- Born: Belmont, Massachusetts, U.S.
- Education: Harvard University, London School of Economics
- Occupation: Journalist
- Children: 1
- Website: alanasemuels.com

= Alana Semuels =

American journalist

Alana Semuels is an American journalist.

==Early life and education==
Semuels, born in Belmont, Massachusetts, attended Harvard University, where she earned Bachelor of Arts in American history and literature. She also received a Rotary Scholarship to study at the London School of Economics, where she received a master's degree.

== Career ==
While in London, Semuels was a correspondent for The Boston Globe newspaper. She formerly worked as a national correspondent for the Los Angeles Times in New York, and covered the economy for that newspaper out of Los Angeles.

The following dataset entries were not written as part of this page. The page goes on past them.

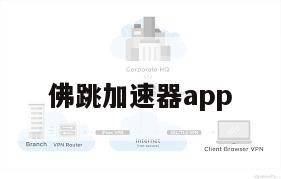 佛跳加速器app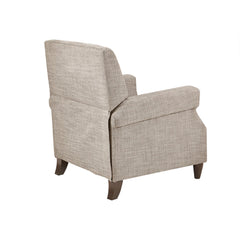 Push Back Recliner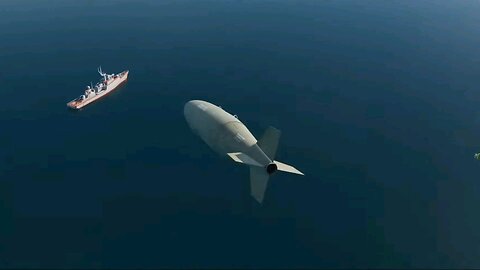 F16 Anti-ship Strike!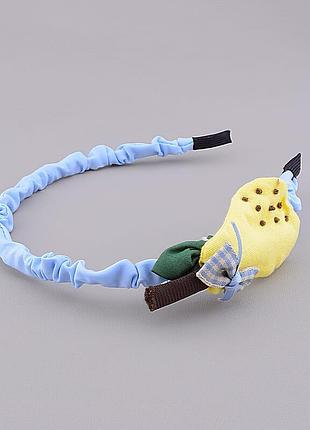 045376 обруч 'flora secret'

She also previously covered Great Britain for The Boston Globe as well as health and technology topics for the Pittsburgh Post-Gazette. She was a staff writer for The Atlantic in San Francisco, California. As of 2021, she is senior economics Correspondent at Time.

==Work==
Semuels was a Gerald Loeb Award finalist in 2014 for her series about the diminishing power of employees at the workplace. She was named "Journalist of the Year" at the 2009 Los Angeles Press Club Awards. She also won a feature writing award from the Society of Business Editors and Writers in 2011. She also received an award from the Society of Business Editors and Writers in 2017 for a story, "The Problem With Rolling Back Regulations." Semuels traveled to Japan and Sweden in the summer of 2017 as an Abe Fellow for Journalists, sponsored by the Social Science Research Council.

Semuels's article "Crossing the Mexican-American Border, Every Day" was cited in Supreme Court Justice Stephen Breyer's dissent for the case Hernandez v. Mesa. Travel stories by Semuels from Africa and South America have appeared in three anthologies by Lonely Planet: By the Seat of My Pants, Tales from Nowhere, and Best of Lonely Planet Travel Writing.

== Personal life ==
Semuels has a son (born October 23, 2020).